|
I know that if I integrate probabilitlity $|\psi|^2$ over a whole volume $V$ I am supposed to get 1. This equation describes this. $$\int \limits^{}_{V} \left|\psi \right|^2 \, \textrm{d} V = 1\\$$ How would we calculate a normalisation factor $\psi_0$ for two simple wave functions like: $$ \begin{split} \psi &= \psi_0 \sin(kx-\omega t)\\ \psi &= \psi_0 e^{i(kx-\omega t)} \end{split} $$ I know this is quite a basic question, but I have to straighten this out so I can continue reading QM. |
||||
|
|
Jerry Schirmer's answer applies in an infinite space.
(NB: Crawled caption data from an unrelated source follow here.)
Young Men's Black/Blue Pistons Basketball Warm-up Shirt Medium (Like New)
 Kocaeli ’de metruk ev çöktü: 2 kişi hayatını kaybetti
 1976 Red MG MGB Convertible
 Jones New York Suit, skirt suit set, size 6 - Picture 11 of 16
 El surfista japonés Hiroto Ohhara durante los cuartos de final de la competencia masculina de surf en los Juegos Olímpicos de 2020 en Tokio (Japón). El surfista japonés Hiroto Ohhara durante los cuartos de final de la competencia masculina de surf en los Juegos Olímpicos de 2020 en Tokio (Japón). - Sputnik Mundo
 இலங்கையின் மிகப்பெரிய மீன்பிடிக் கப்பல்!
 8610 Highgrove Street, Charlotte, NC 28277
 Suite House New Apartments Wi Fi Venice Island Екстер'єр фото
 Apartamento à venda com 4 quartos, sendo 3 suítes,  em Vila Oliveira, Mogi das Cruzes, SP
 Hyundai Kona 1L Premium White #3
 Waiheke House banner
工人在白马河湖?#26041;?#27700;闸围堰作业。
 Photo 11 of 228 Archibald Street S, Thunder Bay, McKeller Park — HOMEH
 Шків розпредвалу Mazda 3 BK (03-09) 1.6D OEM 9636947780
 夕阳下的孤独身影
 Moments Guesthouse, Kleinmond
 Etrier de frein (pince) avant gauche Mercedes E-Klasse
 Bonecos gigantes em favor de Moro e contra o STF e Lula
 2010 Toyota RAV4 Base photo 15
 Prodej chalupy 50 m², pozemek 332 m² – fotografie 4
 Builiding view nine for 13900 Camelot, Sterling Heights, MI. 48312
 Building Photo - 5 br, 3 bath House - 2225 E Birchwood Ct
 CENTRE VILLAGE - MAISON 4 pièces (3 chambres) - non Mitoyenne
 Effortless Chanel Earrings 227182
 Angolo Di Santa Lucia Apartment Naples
If you put the system in a box there is no problem: the normalized wavefunction is $\mathrm{e}^{ikx}/\sqrt{V}$. This is the usual theoretical device to make everything nice and well behaved. Then we take the limit $V\rightarrow\infty$ at the end of the day and, if we've done our job correctly, all of the $V$ dependence should drop out of the final answer. It's not too unreasonable either, since we don't actually know that the universe is infinite. Infinite for all practical purposes might as well just be a big box. EDIT in response to comments: Assume we operate in a box of volume $V$ (in any number of dimensions - interpret as length, area or volume as appropriate). We want to find the normalisation factor $N$ for the wavefunction $\psi = N \mathrm{e}^{i\vec{k}\cdot\vec{x}}$. So we calculate the norm of the wavefunction, which must be equal to one: $$ \begin{array}{lcl} 1 &=& \int\mathrm{d}x\ \psi^\star \psi \\ &=& \int\mathrm{d}x\ N^\star N \\ &=& \left| N \right|^2 V \end{array}$$ So $N$ has a magnitude of $1/\sqrt{V}$ and an arbitrary phase which can be chosen to make it real and positive. |
||||
|
|
You can't, really. In the continuum, the "free particle wavefunction" is an abstraction to make the math easier. In a real context, you'd talk about a Wave envelope $\phi(x) = \int dk A(k)e^{ikx}$, where $A(k)$ is a bounded function that guarantees that $\int\phi^{*}\phi$ is finite and normalizable. Note that this is the generalization to the continuum of saying that $\phi(x) = \sum a_{i}\phi_{i}$, where the $\phi_{i}$ are the eigenstates of the Hamiltonian. It's just that, in the continuum, we have an infinite number of eigenstates. |
||||
|
|
|
This is mostly a comment but I feel it's important enough that it warrants some space as an answer. Note carefully that the wavefunction $\psi=\psi_0 \sin(kx-\omega t)$ is not a solution to the free-particle Schrödinger equation. This is easy to see mathematically. The kinetic term, $-\frac{\partial^2}{\partial x^2}$, will return a sine term, while the single time derivative in the total energy term will return a cosine. These can never be proportional. More physically, you can decompose that wavefunction into two complex exponentials, as $\psi=\frac1{2i}\psi_0(e^{i(kx-\omega t)}-e^{-i(kx-\omega t)})$. The first term is OK, but the second one simply isn't: it's a plane wave going to the left (which is ok) multiplied by the phase $e^{+i\omega t}$. This phase represents a negative energy, which is not physical in a free particle with purely positive kinetic energy. Sine-like wavefunctions do happen in quantum theory, most notably for the infinite square well. There the energy eigenfunctions are of the form $\sin(n\pi x/L)$ to vanish at $x=0$ and $x=L$, but the time dependence is $$\psi_n(x,t)=A_n\sin\left(\frac{n\pi}{L}x\right)e^{-i\omega_n t},$$ and the total energy is positive. Beware! |
|||
|
|